I'm coming from a Microsoft Azure perspective here, and looking to move from manually created/partially scripted infra-setup with VM's to full IaC using Azure DevOps as a single repo for code, infra and pipelines.
In my current infrastructure we have a lot of Windows Server VM's that after provisioning still require additional OS configuration and app installations.
Am I correct in thinking that IaC only really 'works' as intended if you only provision Azure managed services (like storage, containers, app services etc), and not use IAAS like VM's? Ofcourse I can still 'code' the Virtual Machines themselves, but that still leaves the configuration of the VM uncoded? So can IaC be fully used for 'legacy' IAAS scenarios?

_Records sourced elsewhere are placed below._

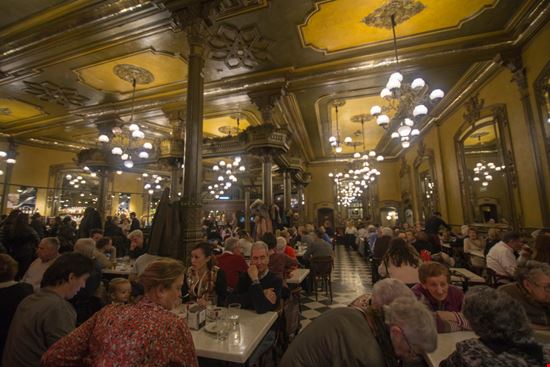 Café Iruña Café Iruña Ana del Castillo - Shutterstock.com 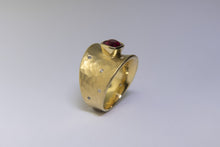 Load image into Gallery viewer, Toby Pomeroy Vale With Pink Sapphire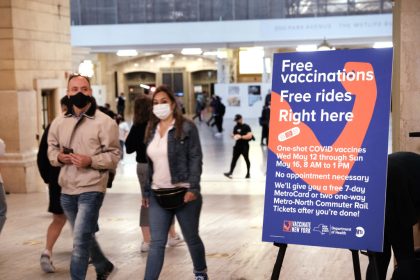 USA: Gesundheitsbehörde meldet über 10.000 COVID-19-Infektionen nach Impfung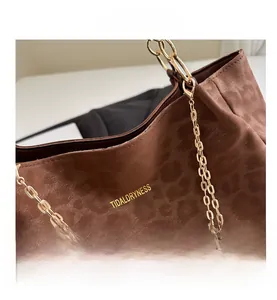 Dettaglio della borsa leopardata con catena dorata e decorazioni con grandi perle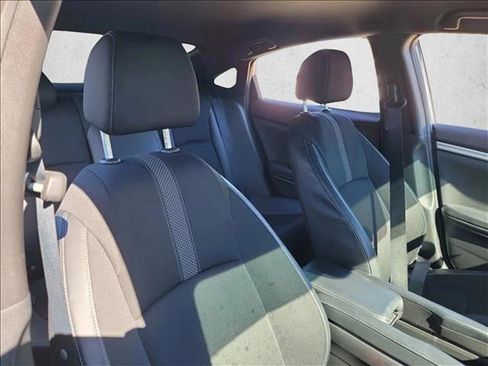 Used 2019 Honda Civic Sport image 18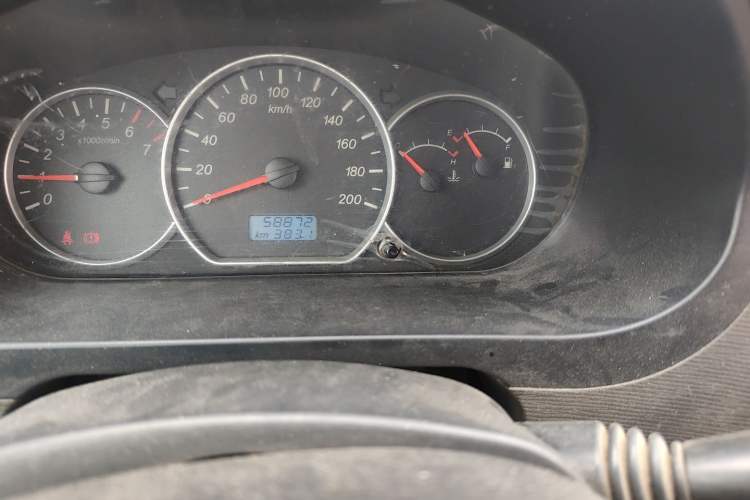 Used Wuling Hongguang 2015 1.5L S Basic Version China V Standard Odometer Close Up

Think of it as a layering process - you may use terraform or something to build your assets, then something like salt/chef/ansible/puppet to do configuration management. You would build and then trigger something to apply configuration as you see fit.
IaC works just fine for virtual machines and really any cloud infrastructure. But your not talking about IaC, you're talking about Configuration as Code, which is the next layer up. You'd want your IaC tool to hand off to you CaC tool, which might be something as simple as just running a PowerShell script with the custom script extension, or it might be a full blown Configuration as Code tool like Puppet, Chef, Ansible etc.